» PROBLEM: Return exactly the lines from the one containing "Раскраска ND Play" through the last line of the records below, both included, and leave out any pictures.

(Captioned web images)
== Segment start ==

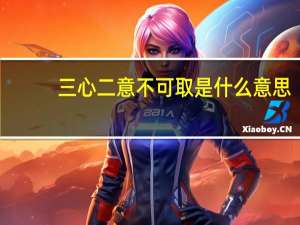 三心二意不可取是什么意思
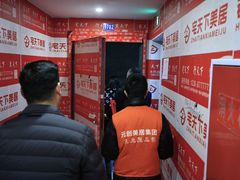 -宅天下装饰·匠心筑家(春熙店)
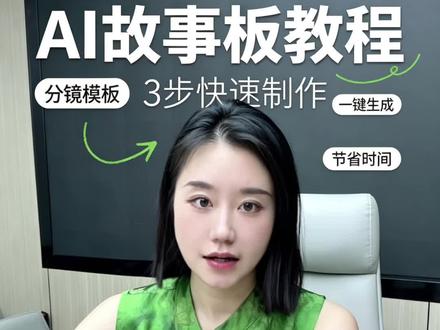 AI故事板做科普视频教程 #豆包ai#豆包app#科普#故事板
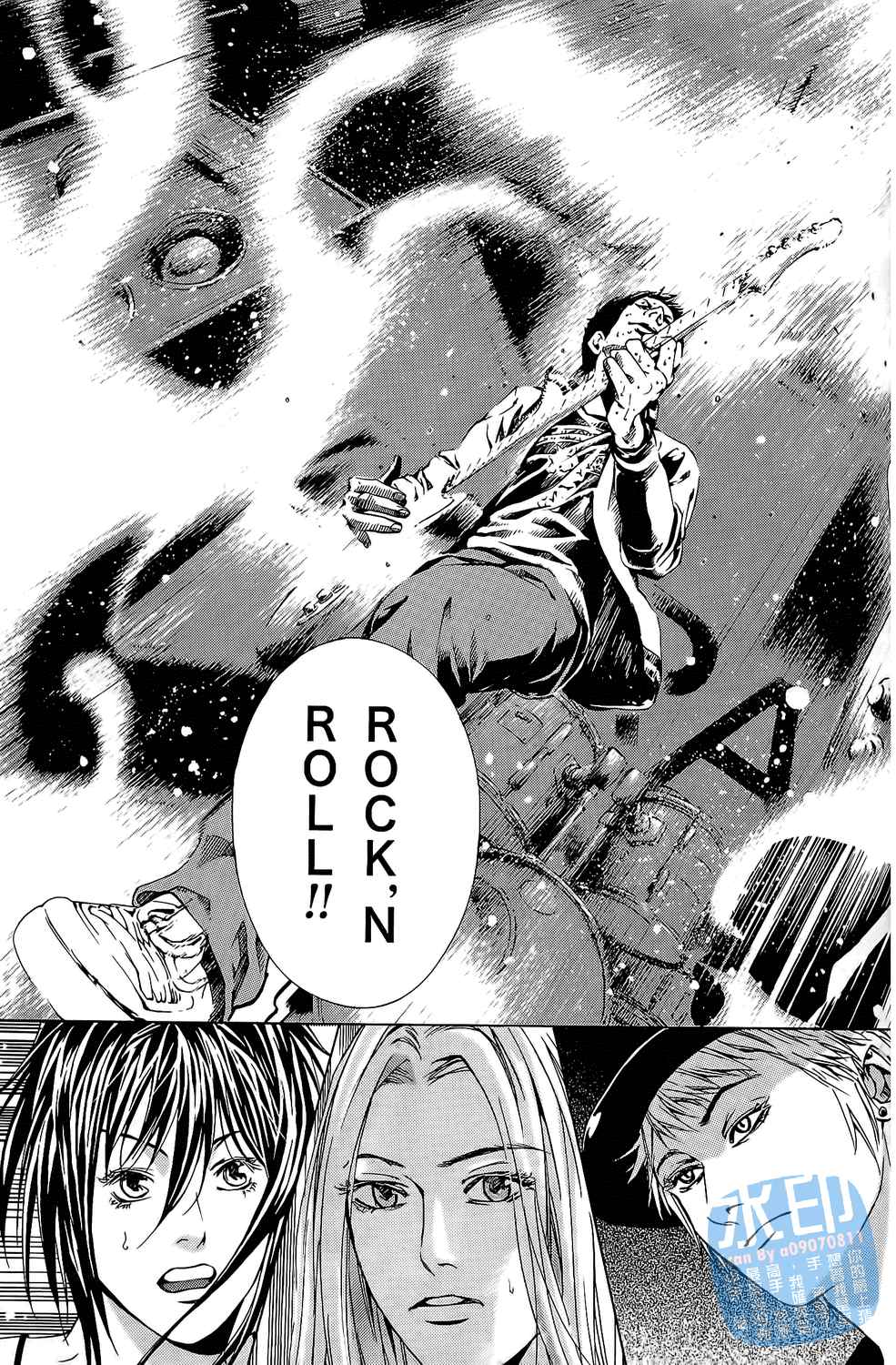 神秘摇滚 第7卷 第168页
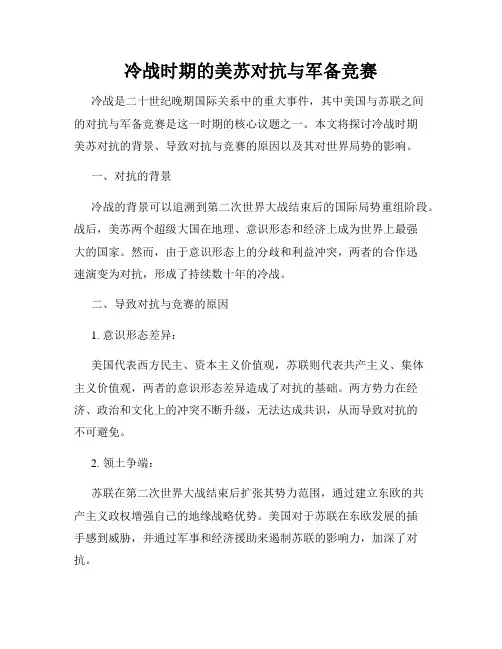 冷战时期的美苏对抗与军备竞赛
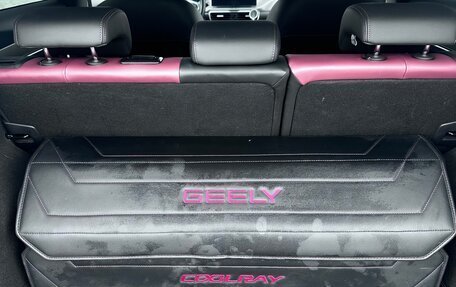 Geely Coolray I, 2023 год, 2 100 000 рублей, 12 фотография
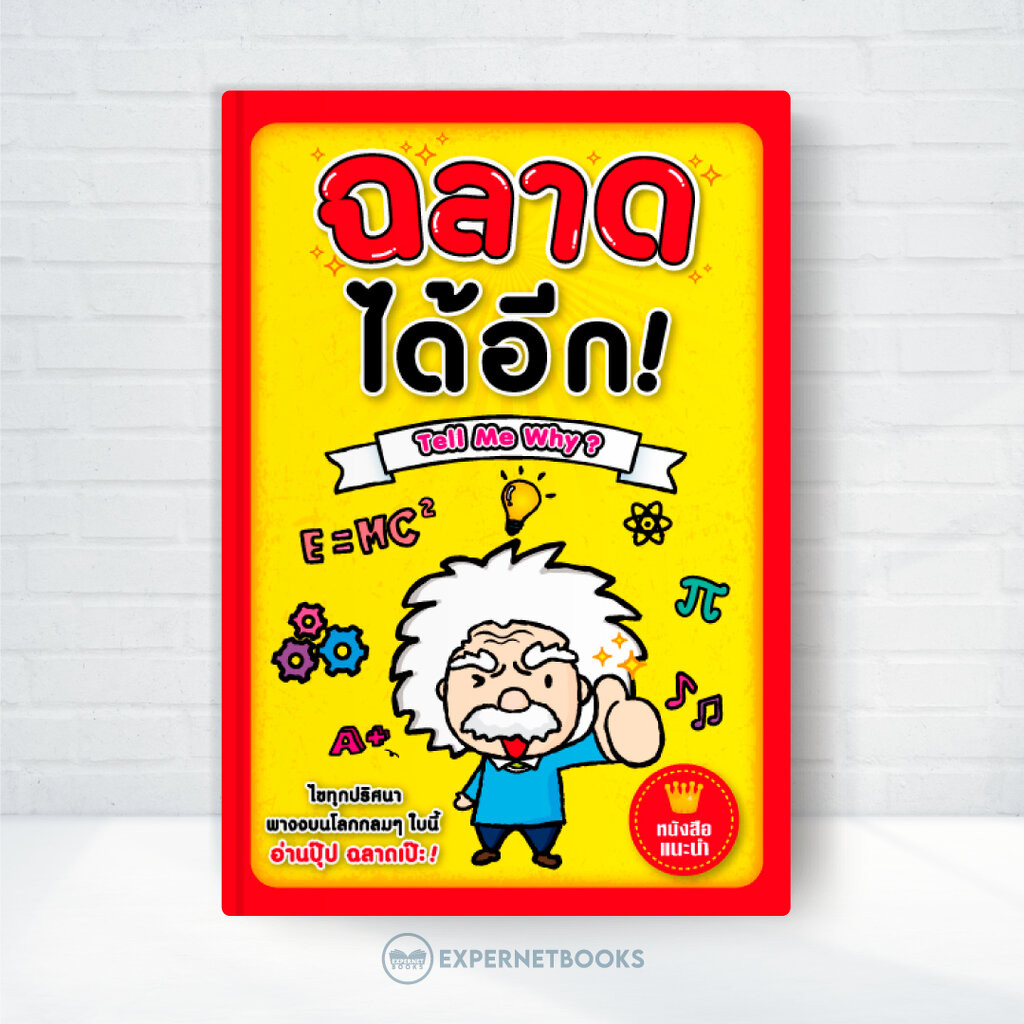 Expernet หนังสือ ฉลาดได้อีก : Tell Me Why? โลกกลมๆ ใบนี้ ยังมีเรื่องราวสุดประหลาด มหัศจรรย์ ที่ชวนให้อึ้งและทึ่งได้อีก!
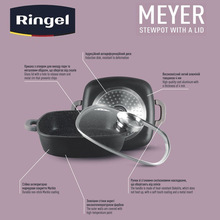 Сотейник Ringel Meyer 4.2 л (RG-2129-28s)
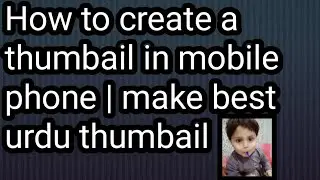 Create a thumbail in mobile phone | make  urdu thumbail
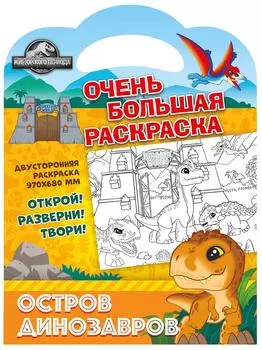 Раскраска ND Play Мир Юрского периода Остров динозавров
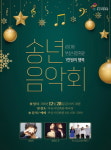 한 해 마무리를 음악과 함께…2018 송년음악회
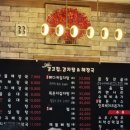 강고집감자탕해장국 이미지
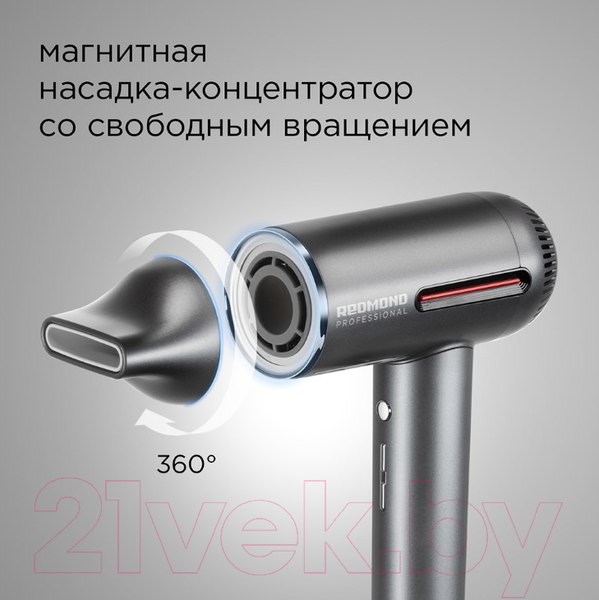 Изображение товара Профессиональный фен Redmond HD1700 (серый)
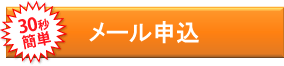 30秒で簡単　メール申し込み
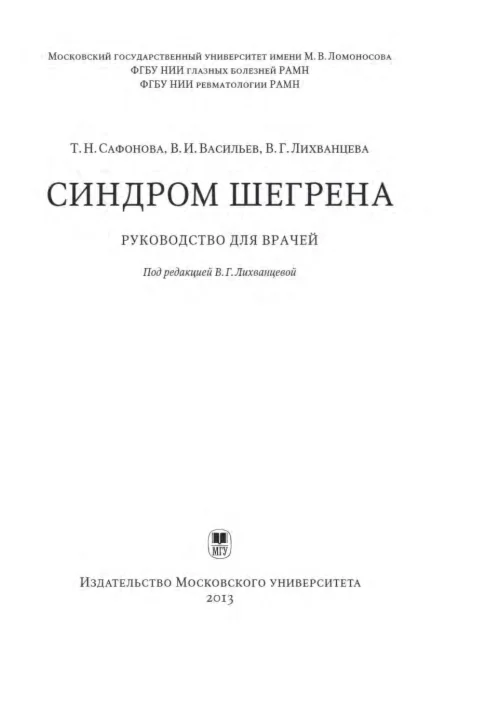 Синдром Шегрена - Сафонова Т. Н.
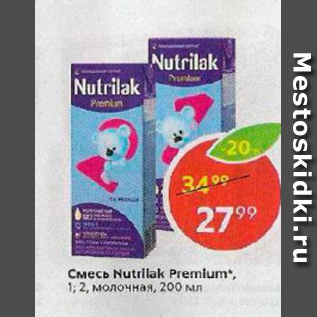 Акция - Смесь Nutrilak Premium 1,2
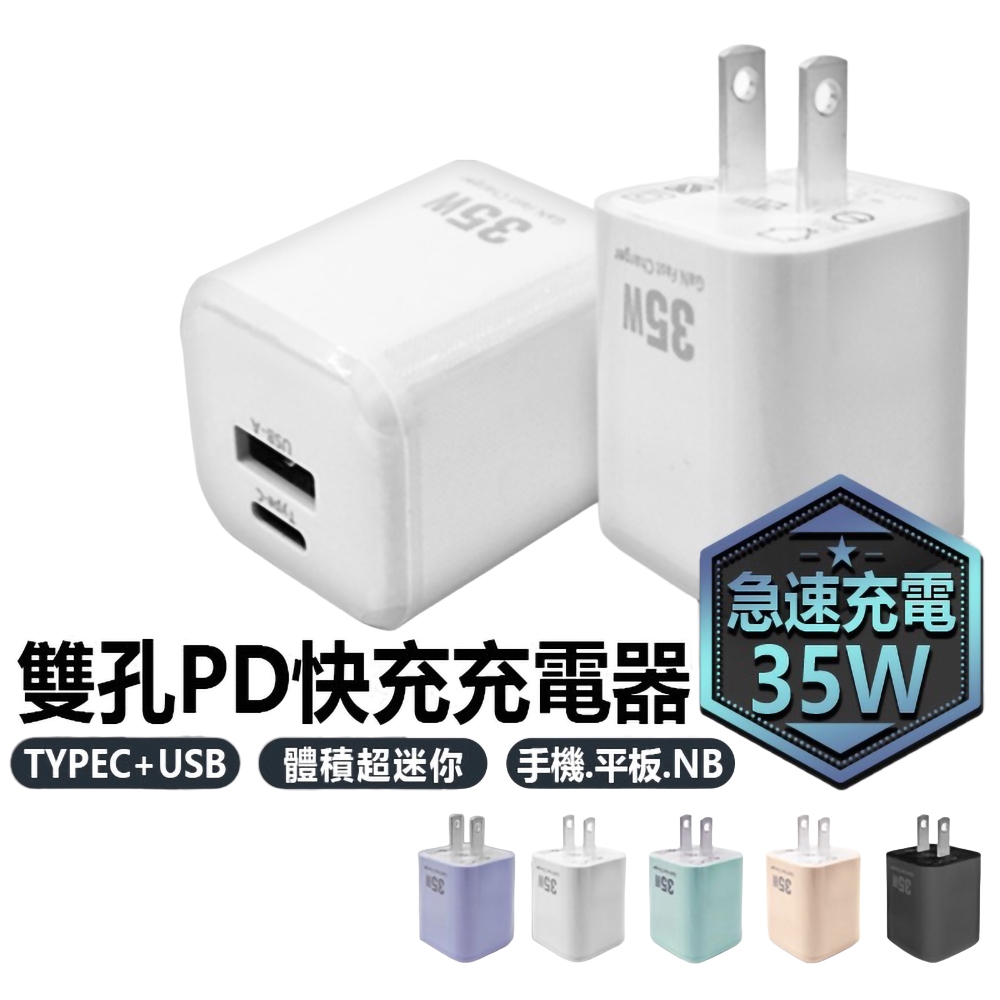 魔比歐 GaN 35W USB-C+USB-A 雙孔PD急速快充充電器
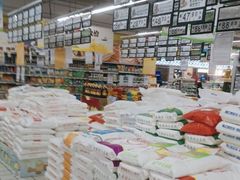 -吉美超市(胜利路店)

== Segment end ==

» WRITTEN RESPONSE:
 Раскраска ND Play Мир Юрского периода Остров динозавров
 한 해 마무리를 음악과 함께…2018 송년음악회
 강고집감자탕해장국 이미지
 Изображение товара Профессиональный фен Redmond HD1700 (серый)
 30秒で簡単　メール申し込み
 Синдром Шегрена - Сафонова Т. Н.
 Акция - Смесь Nutrilak Premium 1,2
 魔比歐 GaN 35W USB-C+USB-A 雙孔PD急速快充充電器
 -吉美超市(胜利路店)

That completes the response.